Alguns dias atrás eu escrevi aqui sobre O Fiasco, do húngaro Imre Kertész. Eu mencionei que o livro era a segunda parte de um trilogia iniciada com Sem Destino e terminada com Kaddish para uma Criança não Nascida.

Eis aqui, então, a primeira parte. Em primeiro lugar é importante ressaltar de que, por mais que a obra pareça autobiográfica, que soe como algo pelo qual Kertész passou- e que trate de algo pelo qual ele tenha passado- ele nega isso, diz que a ligação com sua própria vida se dá mais a nível intelectual do que factual.

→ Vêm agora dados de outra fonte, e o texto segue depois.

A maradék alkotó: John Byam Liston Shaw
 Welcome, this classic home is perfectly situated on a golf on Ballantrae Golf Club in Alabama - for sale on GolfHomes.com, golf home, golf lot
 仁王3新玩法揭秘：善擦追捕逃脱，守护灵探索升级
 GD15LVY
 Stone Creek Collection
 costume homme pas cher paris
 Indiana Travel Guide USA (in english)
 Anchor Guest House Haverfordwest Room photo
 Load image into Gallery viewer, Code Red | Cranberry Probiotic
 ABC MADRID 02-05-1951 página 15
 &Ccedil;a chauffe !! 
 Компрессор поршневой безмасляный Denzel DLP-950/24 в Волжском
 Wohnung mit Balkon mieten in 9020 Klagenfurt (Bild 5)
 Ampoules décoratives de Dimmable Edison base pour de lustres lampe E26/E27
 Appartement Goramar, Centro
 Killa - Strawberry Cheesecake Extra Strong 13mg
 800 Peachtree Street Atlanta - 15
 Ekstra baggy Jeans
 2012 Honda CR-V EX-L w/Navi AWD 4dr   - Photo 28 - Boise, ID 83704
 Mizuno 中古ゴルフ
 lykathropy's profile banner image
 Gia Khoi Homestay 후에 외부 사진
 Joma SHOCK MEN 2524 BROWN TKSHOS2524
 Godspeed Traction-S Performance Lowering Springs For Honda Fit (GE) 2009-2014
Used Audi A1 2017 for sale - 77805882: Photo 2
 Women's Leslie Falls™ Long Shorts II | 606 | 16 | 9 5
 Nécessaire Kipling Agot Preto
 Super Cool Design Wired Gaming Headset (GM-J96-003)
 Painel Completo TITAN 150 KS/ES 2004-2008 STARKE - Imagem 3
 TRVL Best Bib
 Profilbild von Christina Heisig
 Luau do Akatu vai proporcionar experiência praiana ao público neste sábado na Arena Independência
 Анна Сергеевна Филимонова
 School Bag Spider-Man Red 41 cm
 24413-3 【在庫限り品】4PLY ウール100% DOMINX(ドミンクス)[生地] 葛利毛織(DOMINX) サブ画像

Dito isso, vamos ao livro. Somos apresentados a György Köves, um adolescente judeu-húngaro de 14 anos que, durante a dominação nazista, tem o pai tirado de casa para ir trabalhar. Ele se torna o responsável, então, de cuidar da madrasta e da mãe.

Logo, porém, ele mesmo é chamado para o trabalho, nas cercanias de Budapeste. Apesar das dificuldades sua vida prossegue normal- ao menos normal como era para todos os judeus na época. Um dia, porém, ele e os outros trabalhadores são impedidos de ir ao trabalho, colocados em um vagão de trem e, sem saberem de nada, acabam em Auschwitz.

Lá Köves- jovem, apto para o trabalho e tendo mentido a idade- é enviado para Buchenwald, onde tem início o sofrimento. Todo o absurdo e a resignação da existência no Campo são descritos de modo crú. Os piores carrascos, porém, não são os soldados alemães, mas os próprios prisioneiros- apesar de ser judeu, sua família não é religiosa e ele não fala nem hebraico e nem ídiche, sendo considerado como inferior pelos outros prisioneiros judeus.

O grande trunfo de Kertész, porém, é justamente mostrar que o sofrimento, de certa forma, era tolerável, que chegava mesmo a ser agradável estar trabalhando. É claro que existe a dor dor. Por vezes o protagonista passa por coisas em que praticamente qualquer pessoa preferiria morrer, inclusive ele mesmo. Mas essas coisas não o matam, mas também não o deixam incólume- e nem são descritas de maneira piegas pelo autor.

Um dos melhores livros já escritos a respeito do Holocausto, exatamente por ser um dos mais grotescos, um dos mais difíceis de se assimilar- como pode alguém, em tais condições, não perceber que era um prisioneiro? Como pode-se sentir saudades de Buchenwald?